Today is Orientation Day, and it was brutal.

Sadly, the first thing I had to do today was head back to the office.  Amidst my euphoria on Friday afternoon, I had forgotten to hand back my work pass.  So I thought I’d get in early, avoid everyone, and get out of there before anyone spotted me.

No such luck.  I bumped into at least 5 people that recognised me, inside the building, outside the building, and on the street.  They all thought I had done a George Costanza (ie quit and then come back, pretending it didn’t happen), but appeared to accept my story.
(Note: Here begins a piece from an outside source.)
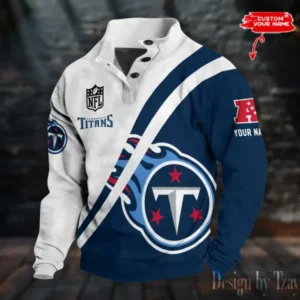 Tennessee Titans Personalized Stand Collar Double Breasted Hoodie AMCDBH00289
About 30 minutes later, I stepped back inside the university building where I spent 5 years (and completed 2 degrees) of my life.  My alma mater.  Everything looked eerily familiar but strangely different.  Plenty of student helpers on were hand to direct us to the Orientation welcoming session which was just about to commence.

The outside of the auditorim hall was packed to the rafters.  I was taken aback, having forgotten what it was like at these things.  I quickly found my faculty table and grabbed a welcome guide and some other crap.  I found a quiet corner away from all the bumping and grinding, and began flicking through the pages.  I burst out laughing when I spotted the massive photo of a good friend of mine (and his then-girlfriend, now wife) who completed his undergraduate degree with me more than 5 years ago!  Looks like my university doesn’t update its photos very often.

When the time came, we filed into the auditorium like a line of ants.  Uniformed staff directed us to our seats.  The place looked exactly as I had remembered it.  I had done plenty of examinations in that room over the years, and it always made me nervous.  The last time I was there was in 2004, for my graduation, and I remember being especially nervous (‘sweaty palms’ nervous) because I was the first from my degree to step on that stage and I knew I had to make chit chat with a former Justice of the High Court of Australia.  Of course, I mumbled and made a fool out of myself.

When everyone was seated, I saw a familiar face reach the podium.  Hang on!  That guy used to lecture me in something!  He looked almost exactly the same, except fatter (he was a chunker even back in my day) and balder (and trust me, he didn’t have much back then either).  He still had that whiny voice though, which I would recognise anywhere.

Very quickly, I got bored and began surveying the surrounding students.  It was an interesting mix, with what appeared to be plenty of international students.  What caught my eye in particular was the fashion.  Some were all glammed up, in their prettiest outfits.  Others were dressed more casually, in T-shirts and jeans (like myself).  There were a few that went all out, to be individualistic, I suppose.  One chubby fella was wearing skin tight demin shorts and a loose grey T-shirt with massive holes at the armpits.  It wasn’t a great look, even for him.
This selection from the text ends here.